Aprender a separarse es salir de allí sin mirar atrás, y luego poder mirar poco a poco a ese pasado hasta entender los porqués de muchas cosas con el tiempo. Es comprender que lo que ahora te parece duro será la mejor decisión a largo plazo. Es entender que a veces no es solo una ruptura, sino ver a quien aún quieres de la mano de otra persona. Son también los hijos, familiares o amigos que hacen preguntas que no sabes ni responder. Y no pasa nada, porque no siempre habrá respuesta para lo que ocurre.
¿Y después qué? Hay quien cree que ni el amor existe y se coloca un muro de protección. Por eso aprender a separarse es también aprender a amar de nuevo. Quizás no vuelva a ocurrir o quizás sí, pero nunca será de la misma manera. Quizás, mejor o peor, según nos quitemos más o menos nuestra coraza. Pero hay que afrontar ese proceso con la valentía de volver a sentir y admitirlo sin salir huyendo.
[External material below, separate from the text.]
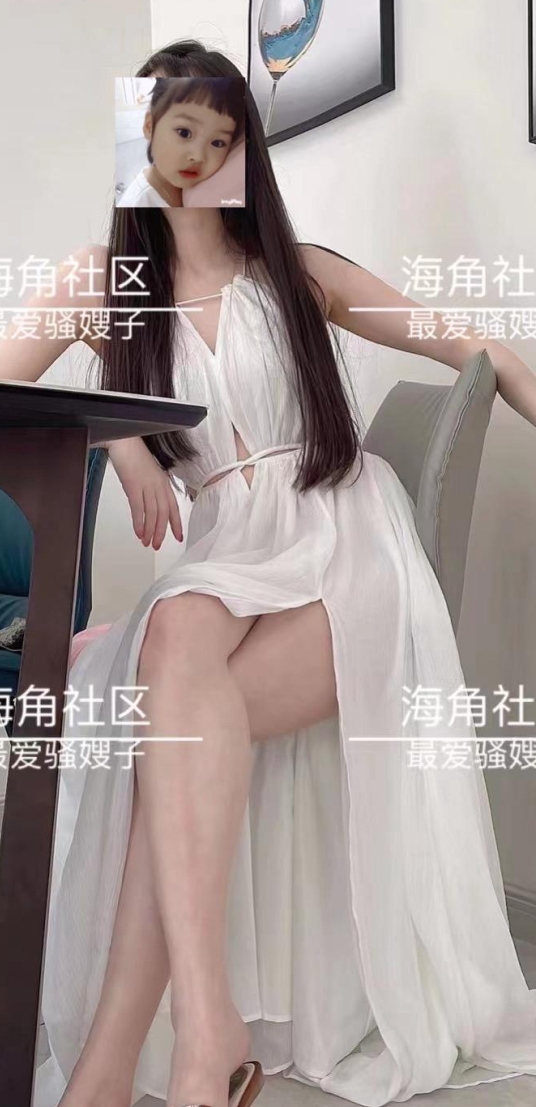 剧情平台海角最爱骚嫂子最新合集6V1.28G，精彩剧情收藏必看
Estoy orgullosa, en mi entorno, de quienes han dado ese paso este año porque han pensado en sí mismos o en sí mismas antes que nada. Pero también porque sus hijos e hijas crecerán viendo cómo sus padres no son personas dependientes, que pueden desarrollar sus vidas y progresar sin necesidad del otro. Y esa es una gran lección. Y, también, he visto una capacidad de negociación extraordinaria en aquellas situaciones donde el cariño se ha impuesto ante todo. No hablo de los contextos de violencia, donde se hace imposible negociar nada. Nadie se separa haciendo una fiesta pero justo por ello, por lo compartido y lo que fue, la negociación debería ser una parte clave. Aprender a hacerlo lo menos doloroso no por ti ni por mí, sino por nosotros. Que, con el tiempo, miremos al pasado y estemos orgullosos de haberlo hecho bien.
Muchas personas se tomarán en unos días las doce uvas dejando atrás el año de su divorcio, siendo personas muy diferentes al año anterior, donde tomaron quizás alguna uva con el deseo de que aquello no se rompiera. Pero cuando el amor se va no hay deseos que se cumplan. Hace tiempo comprendí que el divorcio no tenía que ser algo negativo, sino la aceptación de que el amor no es eterno y de que todo el mundo merece una nueva oportunidad de comenzar. Y si duele, hay que pensar en eso de que el amor es ayudar a alguien a ser lo que tiene que ser. Y que a veces, hay que pensar qué será de nuestra vida mañana, pasado, en cinco, diez o veinte años. Y en la de la otra persona. Pensar en el futuro para decidir en el presente. Aunque sea duro. En eso consiste vivir. En aprender.